Units should be in the text's order, since some measures (e.g. MTLD) take it into account. Specific measures may set conditions on the minimal or maximal number of units and raise exceptions when these conditions are not met (see subroutine
_validate_size()
in Lingua::Diversity::Internals). There should be the same number of items in the unit and category array.The Lingua::Diversity::Utils module contained within this distribution provides tools for helping with the creation of the array of units and lemmas.
DIAGNOSTICS
- Call to abstract method CLASS::METHOD
-
This exception is raised when either method
measure()
or methodmeasure_per_category()
is called while it is not supported by the selected measure.
CONFIGURATION AND ENVIRONMENT
Some subroutines in module Lingua::Diversity::Utils require a working version of TreeTagger (available at http://www.ims.uni-stuttgart.de/projekte/corplex/TreeTagger).
DEPENDENCIES
This is the base module of the Lingua::Diversity distribution, which comprises modules Lingua::Diversity::Result, Lingua::Diversity::Utils, Lingua::Diversity::Internals, Lingua::Diversity::X, and Lingua::Diversity::MTLD.

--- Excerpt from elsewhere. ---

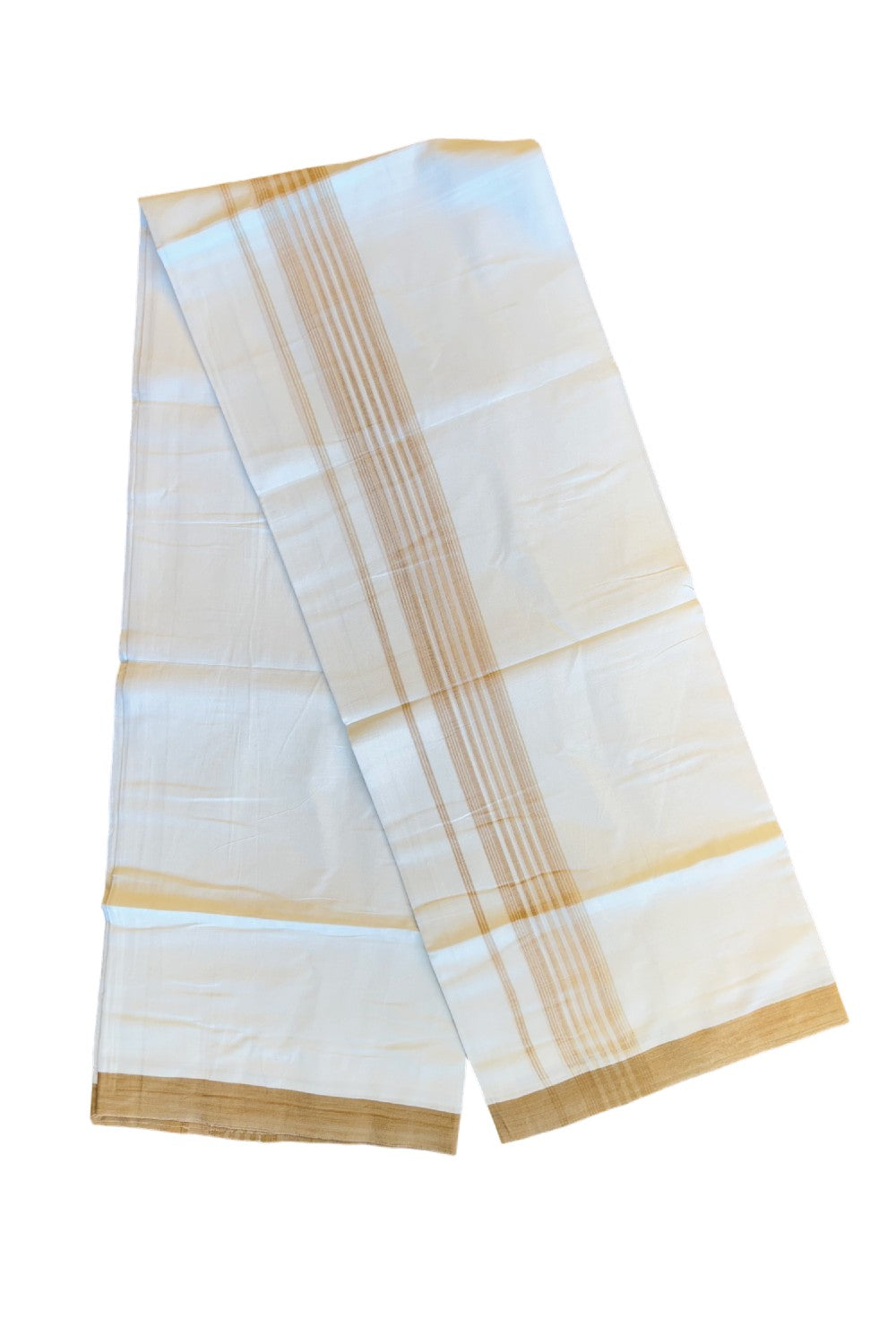 19% DISCOUNT!!! KaithariKada Balaramapuram 100% Cotton Double PURE white Mundu/Dhoti-100x100 2.75 Inch sand brown striped kara - 37KK83VIN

The Lingua::Diversity distribution uses CPAN modules Moose, Exception::Class, and optionally Lingua::TreeTagger.
BUGS AND LIMITATIONS
There are no known bugs in this module.
Please report problems to Aris Xanthos (aris.xanthos@unil.ch)
Patches are welcome.
AUTHOR
Aris Xanthos (aris.xanthos@unil.ch)
LICENSE AND COPYRIGHT
Copyright (c) 2011 Aris Xanthos (aris.xanthos@unil.ch).
This program is released under the GPL license (see http://www.gnu.org/licenses/gpl.html).
This program is distributed in the hope that it will be useful, but WITHOUT ANY WARRANTY; without even the implied warranty of MERCHANTABILITY or FITNESS FOR A PARTICULAR PURPOSE.
SEE ALSO
Lingua::Diversity::MTLD, Lingua::Diversity::Result, Lingua::Diversity::Utils, Lingua::Diversity::Internals, Lingua::Diversity::X, and Lingua::TreeTagger.